The Rainmaker of the Boston Ballet Is Leaving
Two weeks after launching its 50th anniversary season, Boston Ballet announced that executive director Barry Hughson will leave in January to become the executive director of the National Ballet of Canada, citing personal reasons including his wife’s career.
Boston Ballet’s artistic director Mikko Nissinen told the Globe on Friday that Hughson’s exit “came as a surprise.” Hughson joined just when the company seemed poised to collapse: From March 2008 until Hughson’s arrival in June 2009, Nissinen slogged through 16-hour days as both artistic and executive director of a company that had lost its home at the Wang Theater and dove $8 million into debt.

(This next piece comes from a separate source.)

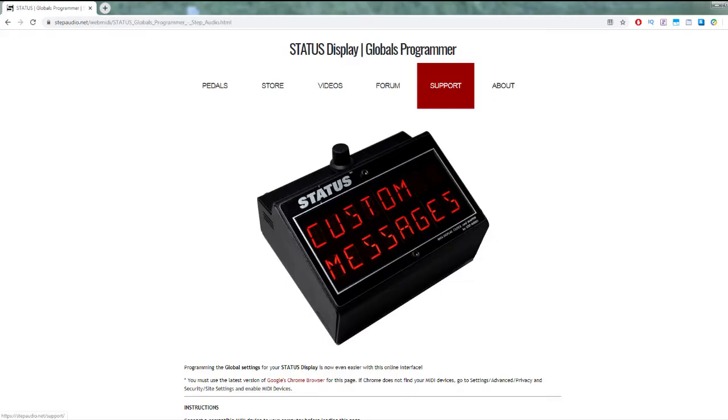You can also modify status as globals using the online programmer available at stepaudio.net.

Then came the turnaround. During his tenure, Hughson led the $10 Clean Slate Fund, which cleared the company’s structural deficit and financed both a $3 million renovation to its South End studio and international tours. He leaves the fourth-largest ballet troupe in the country debt-free and in the midst of its most heralded season to date—full of tours to London, Washington, D.C., and New York City—and world premieres in Boston. By these measures, it’s high time to go out on top.
When I met with Hughson for a story on the company’s artistic and financial turnaround in this month’s Boston magazine, the Connecticut native seemed in no rush to leave. When Boston Ballet recruited him in 2009, he was executive director of Atlanta Ballet, leading the largest capital campaign in its history, and living in a recently purchased home with his wife, who was pregnant with their second child. “There wasn’t much incentive to leave. There’s probably no place on earth that I would have moved to other than Boston,” he said at the time.

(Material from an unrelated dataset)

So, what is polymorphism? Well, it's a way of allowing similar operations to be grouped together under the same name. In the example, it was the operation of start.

“The opportunity to step in at a time when the company was emerging from challenges and to really be part of the leadership team that could take it forward was clearly irresistible,” he continued.
He leaves the company in superb standing, but was there nothing left to achieve in Boston?
Compared with other departures in Boston Ballet’s history, Hughson’s is hardly scandalous or alarming. In 2000, would-be artistic director Maina Gielgud quit before even arriving to the city, citing arguments with the administration, which never presented her a final budget. Hughson’s predecessor, Valerie Wilder, left at the onset of the recession, just as the company agreed to cut 20 percent of its dancers.
But Hughson’s exit still casts uncertainty on the company. His announcement came a day after the 70-year-old New York City Opera filed for bankruptcy, another reminder of the arts’ fragility today. Boston Ballet’s endowment now stands at $10 million, “which, on a $30 million budget, is now an endowment,” Hughson told me. He and Nissinen were in the beginning planning stages of a massive campaign to strengthen the endowment, so that, in Hughson’s words, “the company will thrive long after we’re both gone.”
Nissinen, whose contract expires next year, told the Globe he’ll look “everywhere but Mars” for a successor, which he hopes to name between March and July 2014. If Nissinen wants to find a rainmaker to meet his and Hughson’s vision of a secure top international company, he may just need a spaceship.